**WHAT THE TASK ASKS:** Below are some entries. Copy each line in them that holds "welcome".

BEGIN RECORDS TO USE

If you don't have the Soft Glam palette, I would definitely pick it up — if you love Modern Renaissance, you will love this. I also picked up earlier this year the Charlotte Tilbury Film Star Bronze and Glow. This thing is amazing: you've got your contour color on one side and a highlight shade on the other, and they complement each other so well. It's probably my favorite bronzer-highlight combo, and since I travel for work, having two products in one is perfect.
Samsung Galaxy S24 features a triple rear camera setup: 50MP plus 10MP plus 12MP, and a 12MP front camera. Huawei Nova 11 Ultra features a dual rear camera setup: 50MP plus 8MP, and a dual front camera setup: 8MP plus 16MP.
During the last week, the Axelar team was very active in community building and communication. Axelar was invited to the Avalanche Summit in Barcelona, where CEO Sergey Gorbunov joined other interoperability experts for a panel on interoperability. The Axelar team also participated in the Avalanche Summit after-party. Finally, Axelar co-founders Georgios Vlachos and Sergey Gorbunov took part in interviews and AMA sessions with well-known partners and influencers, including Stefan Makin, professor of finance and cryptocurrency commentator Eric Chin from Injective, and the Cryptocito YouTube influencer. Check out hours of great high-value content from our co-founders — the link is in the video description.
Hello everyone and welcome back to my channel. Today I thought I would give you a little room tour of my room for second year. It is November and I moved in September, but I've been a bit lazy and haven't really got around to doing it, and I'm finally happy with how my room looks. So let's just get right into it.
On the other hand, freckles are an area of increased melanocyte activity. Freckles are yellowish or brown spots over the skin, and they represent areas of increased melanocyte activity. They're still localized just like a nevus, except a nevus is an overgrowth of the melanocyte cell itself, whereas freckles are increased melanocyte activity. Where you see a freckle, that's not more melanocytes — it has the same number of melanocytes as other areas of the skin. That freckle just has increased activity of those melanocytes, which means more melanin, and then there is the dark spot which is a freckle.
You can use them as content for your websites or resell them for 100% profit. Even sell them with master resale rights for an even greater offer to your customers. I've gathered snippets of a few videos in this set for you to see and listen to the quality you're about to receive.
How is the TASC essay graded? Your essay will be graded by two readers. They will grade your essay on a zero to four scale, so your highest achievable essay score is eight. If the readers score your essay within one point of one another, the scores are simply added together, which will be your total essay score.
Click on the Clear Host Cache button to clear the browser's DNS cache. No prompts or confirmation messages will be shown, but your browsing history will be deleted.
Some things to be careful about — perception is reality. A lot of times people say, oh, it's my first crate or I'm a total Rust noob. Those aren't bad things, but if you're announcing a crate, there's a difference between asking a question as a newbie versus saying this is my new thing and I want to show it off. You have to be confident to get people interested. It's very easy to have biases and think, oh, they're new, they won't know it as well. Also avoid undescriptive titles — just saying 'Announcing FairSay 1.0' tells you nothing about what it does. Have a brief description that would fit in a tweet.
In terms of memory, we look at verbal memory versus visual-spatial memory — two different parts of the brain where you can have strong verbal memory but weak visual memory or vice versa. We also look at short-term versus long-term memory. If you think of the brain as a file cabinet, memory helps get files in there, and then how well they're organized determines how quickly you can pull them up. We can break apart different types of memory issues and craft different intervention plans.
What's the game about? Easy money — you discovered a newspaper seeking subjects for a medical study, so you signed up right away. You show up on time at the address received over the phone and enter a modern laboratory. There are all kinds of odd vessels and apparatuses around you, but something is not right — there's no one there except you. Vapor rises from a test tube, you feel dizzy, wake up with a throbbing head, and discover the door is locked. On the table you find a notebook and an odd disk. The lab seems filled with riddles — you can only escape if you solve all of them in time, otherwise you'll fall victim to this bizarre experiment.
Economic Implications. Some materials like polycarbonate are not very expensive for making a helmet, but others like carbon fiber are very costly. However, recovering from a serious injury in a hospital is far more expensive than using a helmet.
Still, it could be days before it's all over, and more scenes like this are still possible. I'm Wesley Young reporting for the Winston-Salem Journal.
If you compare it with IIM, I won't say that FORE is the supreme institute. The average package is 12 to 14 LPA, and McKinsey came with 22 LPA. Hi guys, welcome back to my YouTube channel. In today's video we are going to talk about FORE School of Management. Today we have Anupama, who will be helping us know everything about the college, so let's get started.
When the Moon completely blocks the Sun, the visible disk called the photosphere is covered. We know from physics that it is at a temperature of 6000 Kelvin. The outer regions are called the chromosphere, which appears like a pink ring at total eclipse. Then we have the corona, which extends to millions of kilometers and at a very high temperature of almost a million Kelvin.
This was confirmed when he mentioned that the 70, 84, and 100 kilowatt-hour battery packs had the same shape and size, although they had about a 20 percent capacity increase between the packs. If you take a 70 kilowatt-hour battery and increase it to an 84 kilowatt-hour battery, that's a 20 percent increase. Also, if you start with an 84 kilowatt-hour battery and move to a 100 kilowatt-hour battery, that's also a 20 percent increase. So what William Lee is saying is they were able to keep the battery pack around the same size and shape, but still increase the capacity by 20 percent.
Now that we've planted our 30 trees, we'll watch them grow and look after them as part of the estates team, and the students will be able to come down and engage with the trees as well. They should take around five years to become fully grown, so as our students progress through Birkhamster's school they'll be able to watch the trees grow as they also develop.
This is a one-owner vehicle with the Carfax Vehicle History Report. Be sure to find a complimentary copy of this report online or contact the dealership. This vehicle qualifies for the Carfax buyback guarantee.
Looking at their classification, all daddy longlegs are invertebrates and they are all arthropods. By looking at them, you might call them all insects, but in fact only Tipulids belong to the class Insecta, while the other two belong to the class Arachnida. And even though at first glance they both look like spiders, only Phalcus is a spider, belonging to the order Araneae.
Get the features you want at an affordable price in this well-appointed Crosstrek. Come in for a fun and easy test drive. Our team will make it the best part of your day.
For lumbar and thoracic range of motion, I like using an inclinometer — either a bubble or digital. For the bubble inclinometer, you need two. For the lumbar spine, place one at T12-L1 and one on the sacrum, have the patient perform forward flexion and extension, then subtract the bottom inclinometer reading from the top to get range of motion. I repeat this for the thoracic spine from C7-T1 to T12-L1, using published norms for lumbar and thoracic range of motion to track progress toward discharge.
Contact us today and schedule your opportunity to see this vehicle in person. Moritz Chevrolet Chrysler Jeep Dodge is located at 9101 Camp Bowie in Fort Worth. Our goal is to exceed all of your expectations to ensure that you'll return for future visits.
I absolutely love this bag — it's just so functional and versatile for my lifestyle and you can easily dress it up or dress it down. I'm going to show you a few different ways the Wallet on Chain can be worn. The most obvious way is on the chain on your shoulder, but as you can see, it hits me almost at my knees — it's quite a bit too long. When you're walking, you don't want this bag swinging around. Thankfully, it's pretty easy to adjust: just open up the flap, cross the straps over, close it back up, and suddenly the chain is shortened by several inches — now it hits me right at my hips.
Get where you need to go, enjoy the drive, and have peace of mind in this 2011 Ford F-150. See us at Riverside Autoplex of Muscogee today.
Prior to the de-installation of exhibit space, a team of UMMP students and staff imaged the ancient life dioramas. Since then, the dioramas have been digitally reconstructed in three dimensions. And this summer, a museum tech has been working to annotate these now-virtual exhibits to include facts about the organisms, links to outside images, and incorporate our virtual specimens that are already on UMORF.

END RECORDS TO USE

**COMPLETED TASK:**
Hello everyone and welcome back to my channel. Today I thought I would give you a little room tour of my room for second year. It is November and I moved in September, but I've been a bit lazy and haven't really got around to doing it, and I'm finally happy with how my room looks. So let's just get right into it.
If you compare it with IIM, I won't say that FORE is the supreme institute. The average package is 12 to 14 LPA, and McKinsey came with 22 LPA. Hi guys, welcome back to my YouTube channel. In today's video we are going to talk about FORE School of Management. Today we have Anupama, who will be helping us know everything about the college, so let's get started.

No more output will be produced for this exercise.